**EXERCISE**
Beginning with the line that holds "Halong Bay with" and ending with the last line below, please copy every line exactly, add nothing, and leave out the pictures.

***

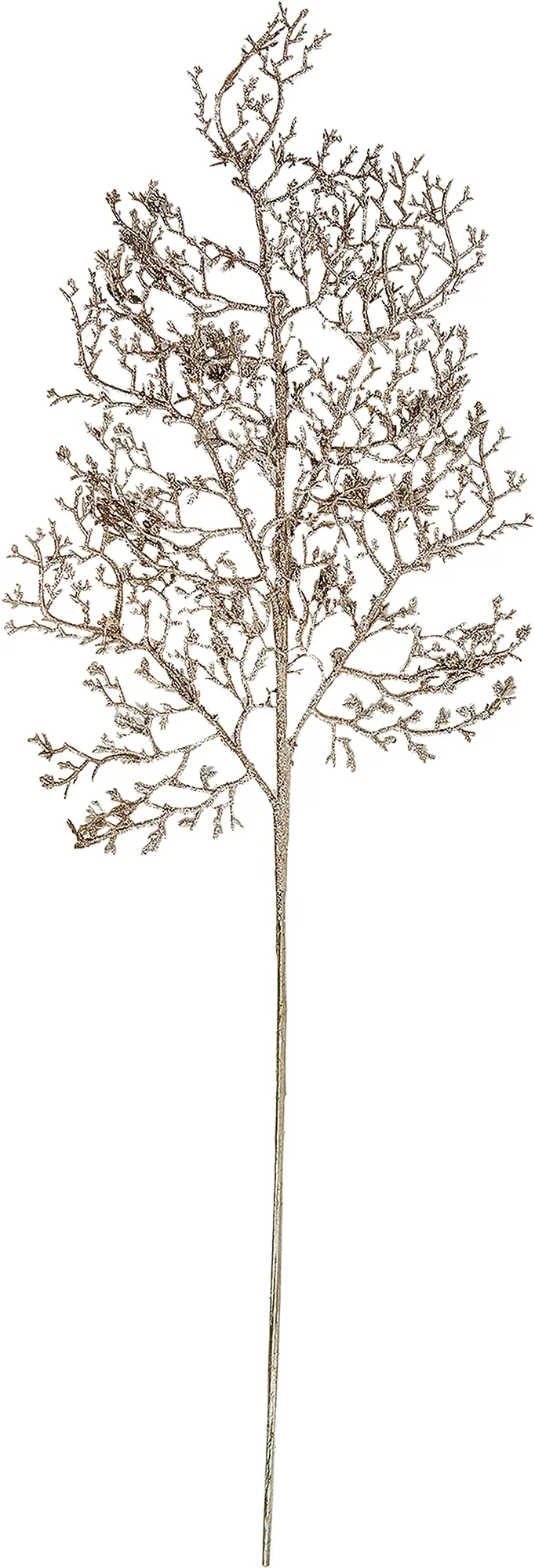 Изображение товара Новогоднее украшение Ветка 76 см цвет розовый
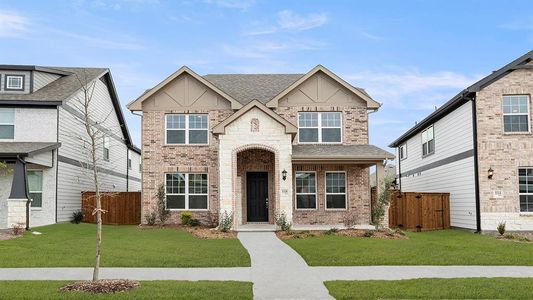 New construction Single-Family house 1118 Falls Rush Wy, Royse City, TX 75189 plan Wright - image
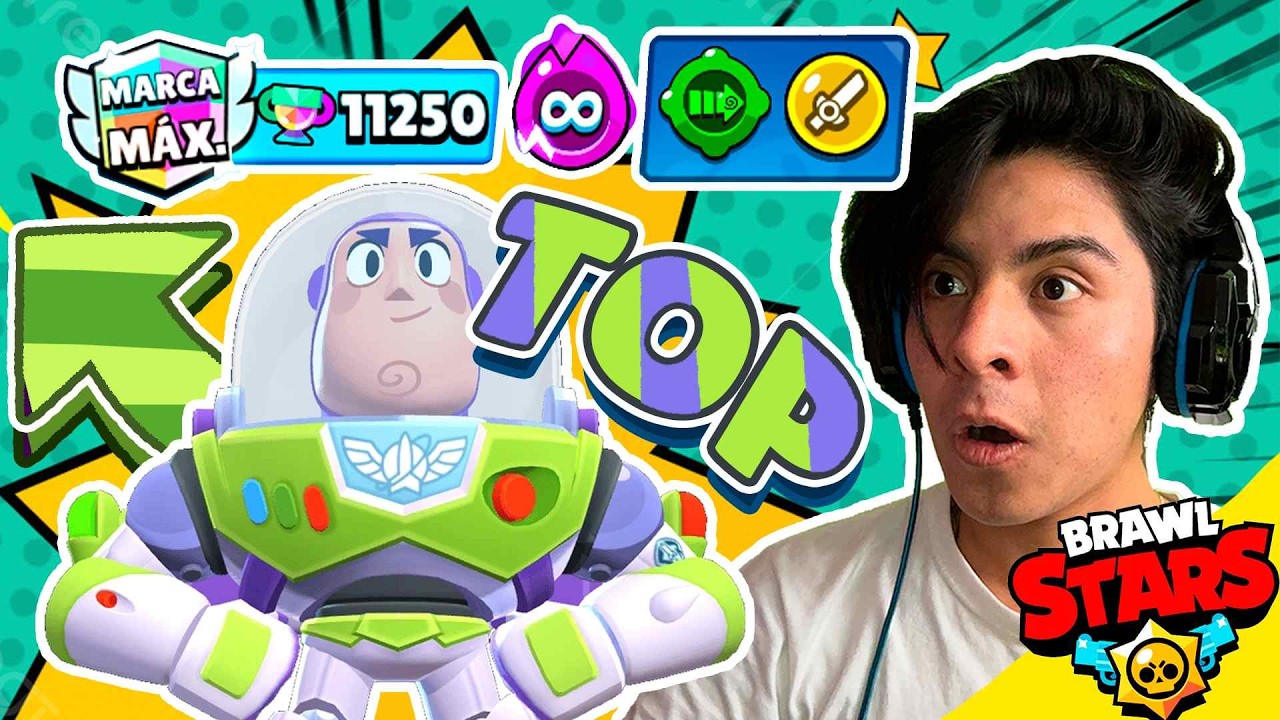 🔥 &iexcl;&iexcl;LIGHTYEAR DE 0 COPAS AL TOP!! 🏆 ByWilixs 🔵 #brawlstars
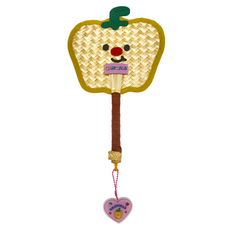 Vanwalk 出走 手工編織小蒲扇 K508 50g, 開心青椒, 1個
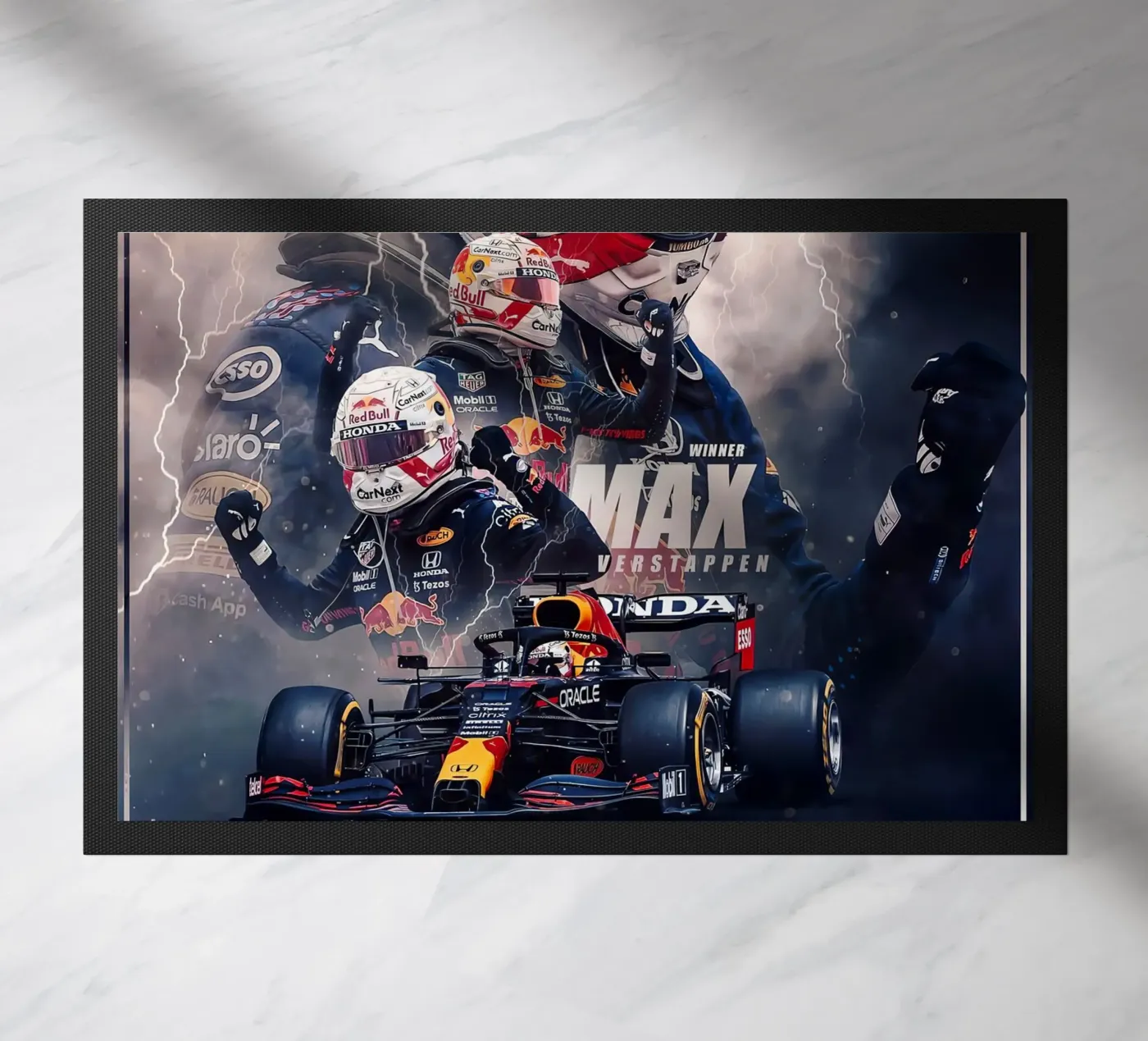 Max Verstappen zerbino da Agus Creative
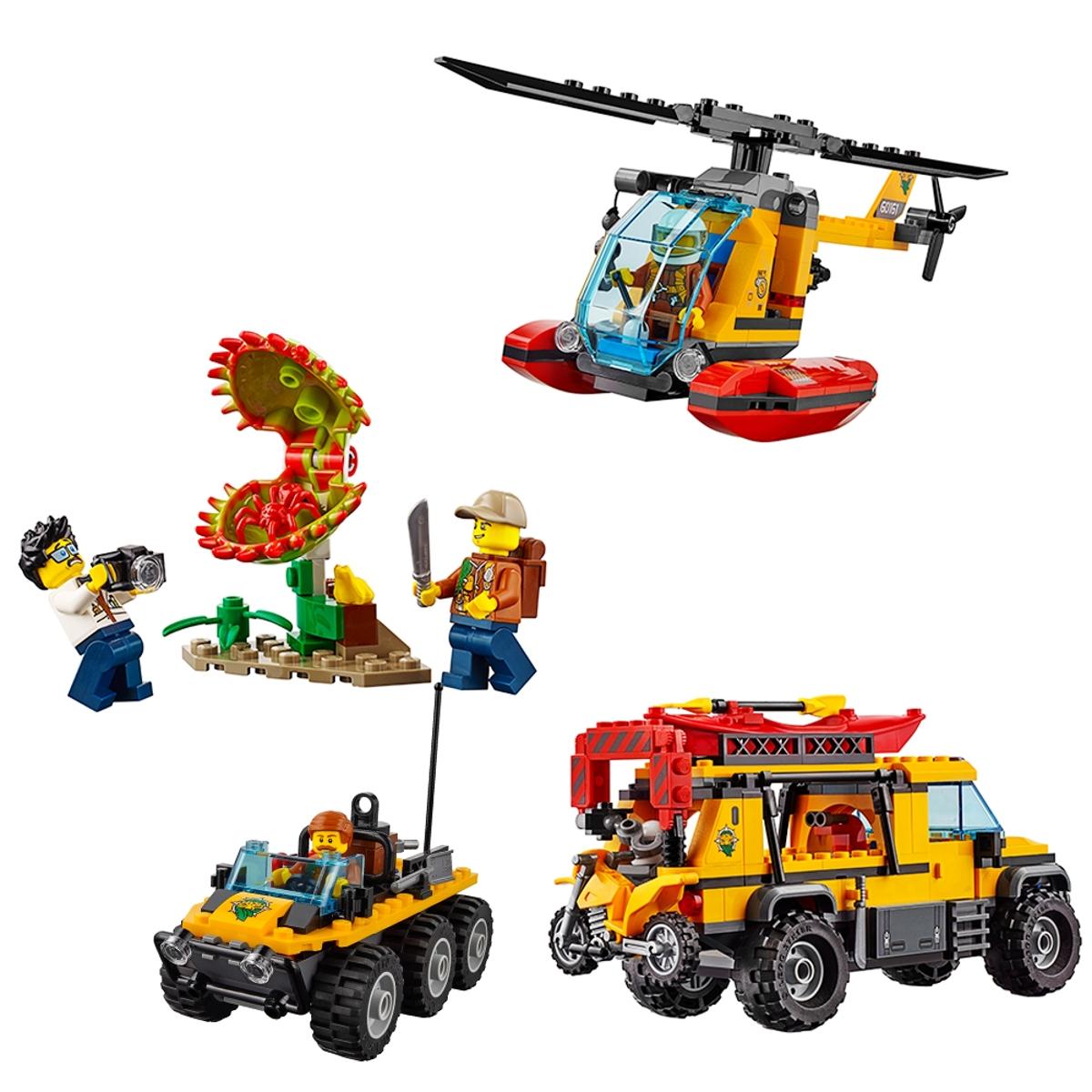 LEGO City Jungle onderzoekslocatie - 60161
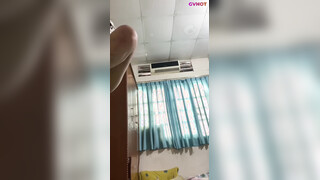 Handsome Boy Vietnam Jerks Off & Cum 4 Times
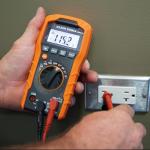 Klein Tools MM400 Digital Multimeter with Auto Ranging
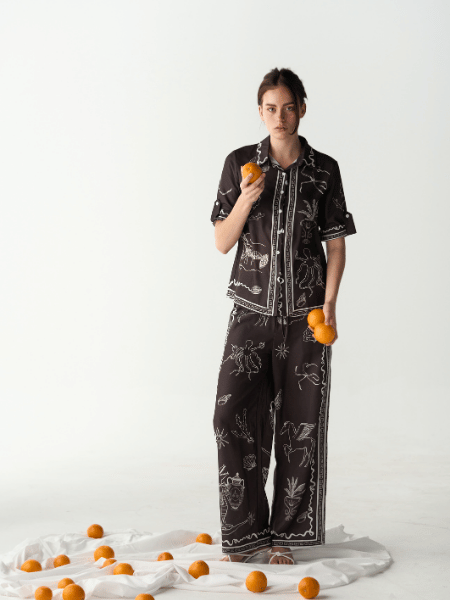 Midnight Myth Print Co-ord Set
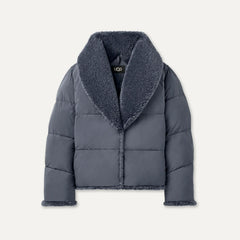 Women's Wylda Puffer Jacket - EVE BLUE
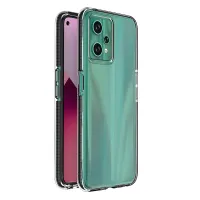 spring case etui realme 9 pro silikonowy pokrowiec z ramką czarne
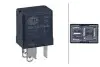Реле, робочий струм HELLA (4RA933714641) зображення 1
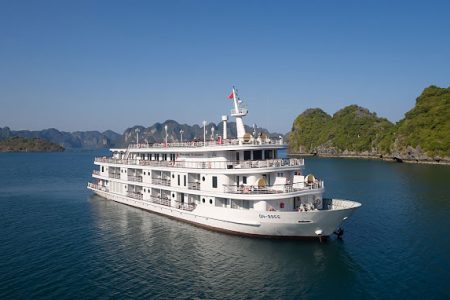 Halong Bay with Paradise Elegance 5 stars cruise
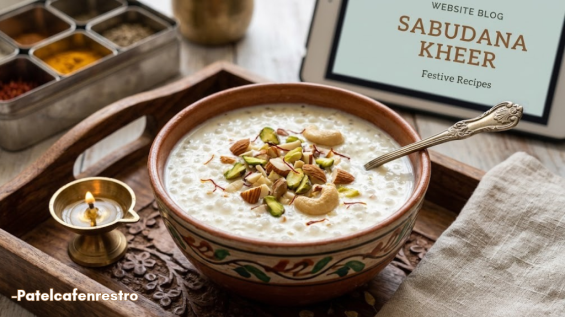 Sabudana Kheer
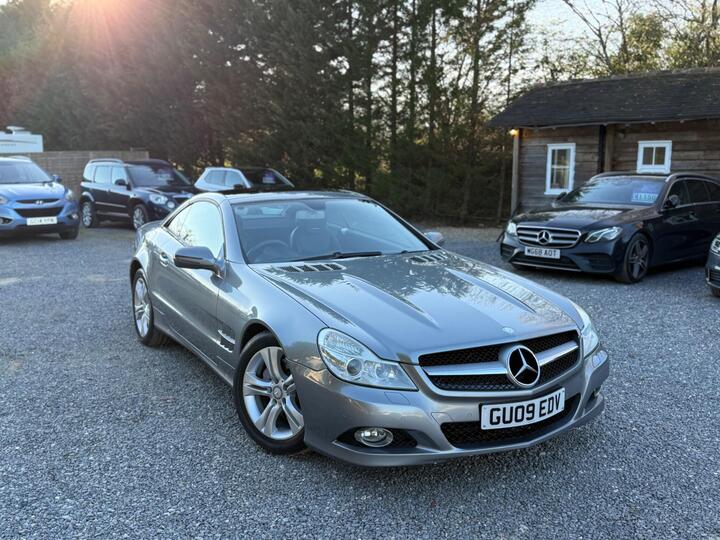 Mercedes-Benz SL 3.5 SL350 7G-Tronic 2dr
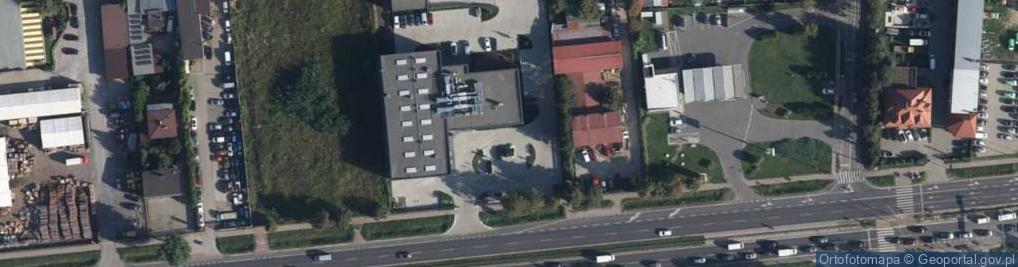 Zdjęcie satelitarne Stacja ładowania pojazdów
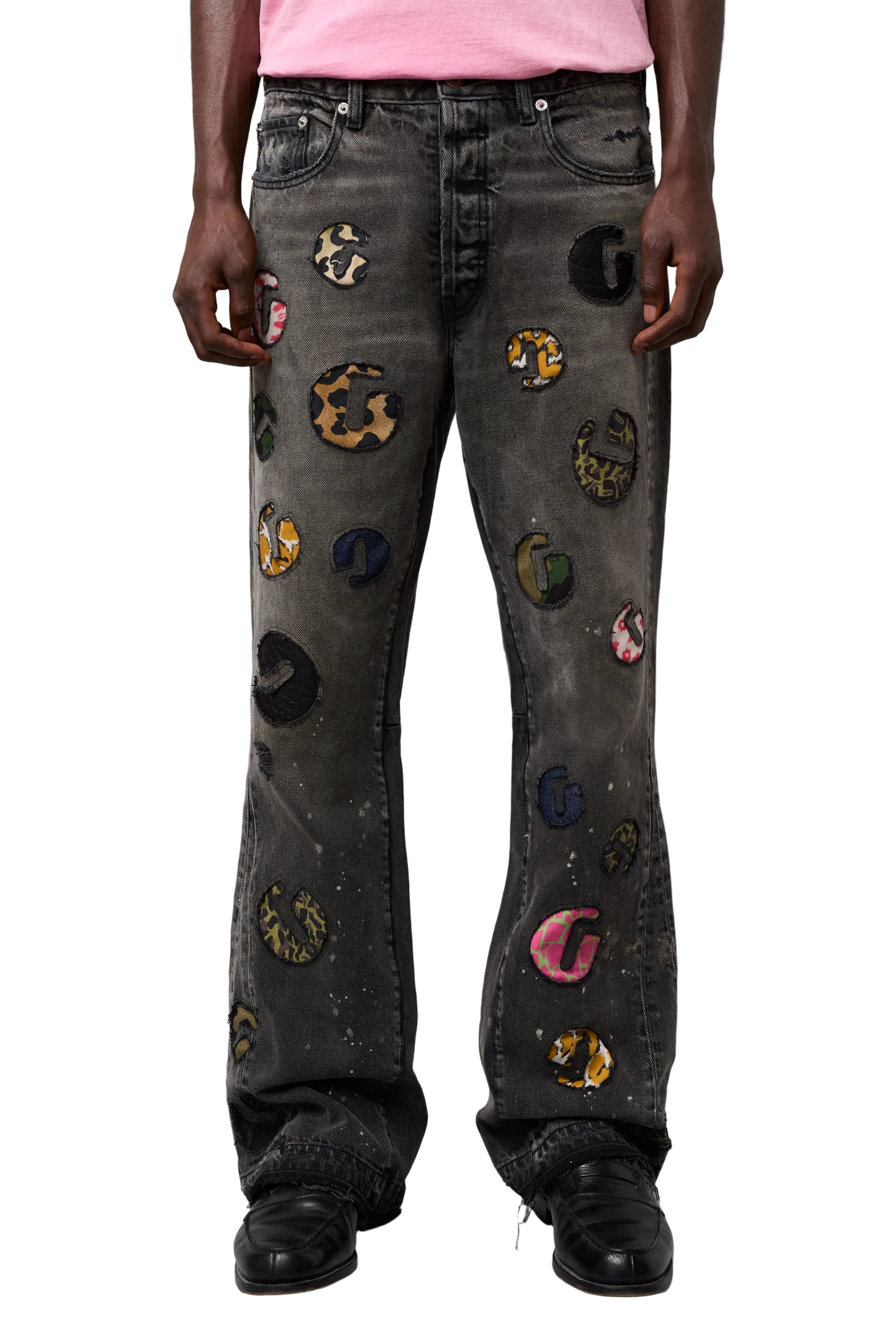 Gallery Dept G Time La Flare Black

***

**YOUR RESPONSE**
 Halong Bay with Paradise Elegance 5 stars cruise
 Sabudana Kheer
 Mercedes-Benz SL 3.5 SL350 7G-Tronic 2dr
 Zdjęcie satelitarne Stacja ładowania pojazdów
 Gallery Dept G Time La Flare Black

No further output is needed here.